Air France has announced it will begin compensating families of the victims of its airline that crashed in the Atlantic Ocean this month in the worst aviation disaster in years. The company has also refused to comment for now on speculation the plane may have broken up in mid-air.
The announcement that families of crash victims would be compensated was made by Air France's CEO Pierre-Henri Gourgeon during an interview on French radio.
Gourgeon said Air France would pay about $24,000 for each victim of the crash. He said Air France lawyers are in contact about the payments with families of the 228 victims who come from many different countries.
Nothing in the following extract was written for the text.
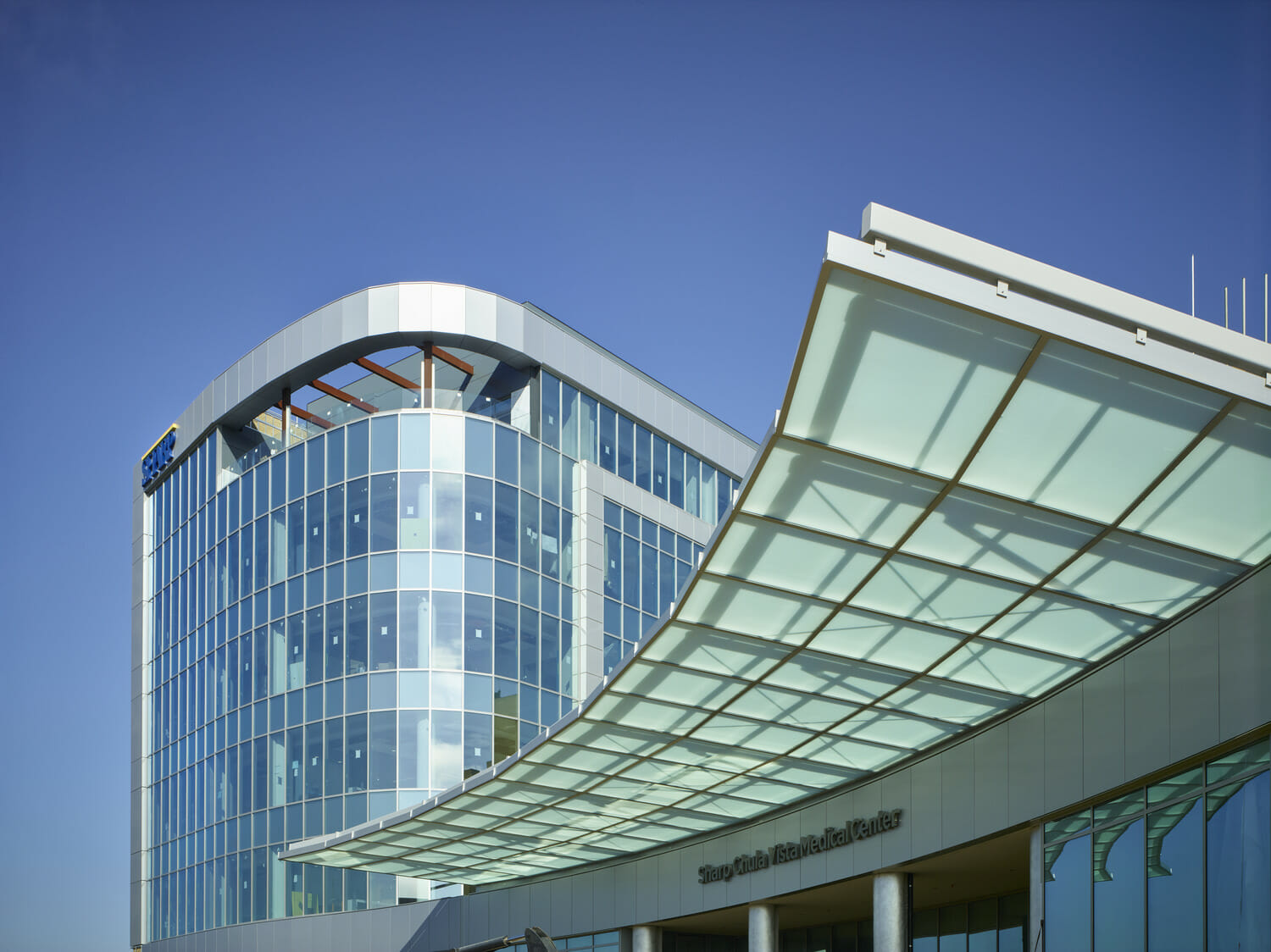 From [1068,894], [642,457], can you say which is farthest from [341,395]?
[1068,894]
He did not suggest the compensation meant that Air France admitted blame in the crash and said the company had responded appropriately to any safety problems that arose in Airbus planes. Investigators have been focusing on speed sensors as a possible cause of the crash.
Gourgeon also refused to comment on speculation that the airplane may have broken up in midair. Some experts suggest this may be a possibility because autopsies of the victims recovered have reveal fractures in their limbs.
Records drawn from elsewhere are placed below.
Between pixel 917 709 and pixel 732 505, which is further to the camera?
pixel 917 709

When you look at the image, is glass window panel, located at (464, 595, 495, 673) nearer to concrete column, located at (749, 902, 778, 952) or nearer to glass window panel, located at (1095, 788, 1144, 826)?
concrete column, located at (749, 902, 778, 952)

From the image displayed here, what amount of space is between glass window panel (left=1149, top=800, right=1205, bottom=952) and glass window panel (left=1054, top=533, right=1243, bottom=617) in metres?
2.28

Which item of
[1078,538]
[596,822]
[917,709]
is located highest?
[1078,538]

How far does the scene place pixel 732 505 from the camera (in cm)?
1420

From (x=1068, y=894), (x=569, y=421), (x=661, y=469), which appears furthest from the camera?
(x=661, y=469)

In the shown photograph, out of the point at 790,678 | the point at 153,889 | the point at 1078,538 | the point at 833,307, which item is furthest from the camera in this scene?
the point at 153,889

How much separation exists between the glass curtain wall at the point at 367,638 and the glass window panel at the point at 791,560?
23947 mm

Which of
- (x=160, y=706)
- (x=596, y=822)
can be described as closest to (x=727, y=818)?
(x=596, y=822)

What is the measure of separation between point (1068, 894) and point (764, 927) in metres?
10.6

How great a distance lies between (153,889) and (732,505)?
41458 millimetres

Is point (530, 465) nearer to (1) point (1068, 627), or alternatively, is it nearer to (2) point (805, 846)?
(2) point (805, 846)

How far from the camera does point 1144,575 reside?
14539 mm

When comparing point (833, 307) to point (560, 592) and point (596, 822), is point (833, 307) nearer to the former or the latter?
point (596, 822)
And he held out hope that the planes black boxes, believed to be at the bottom of the Atlantic Ocean, might be found. French Investigators are due to present a preliminary report on the accident by the end of June.
The crash has deepened problems at Air France, which like many airlines is struggling to cope with the financial crisis. The company has already announced it would cut 3,000 jobs over the next two financial years and Gourgeon said it might need to cut 3,000 more jobs through attrition.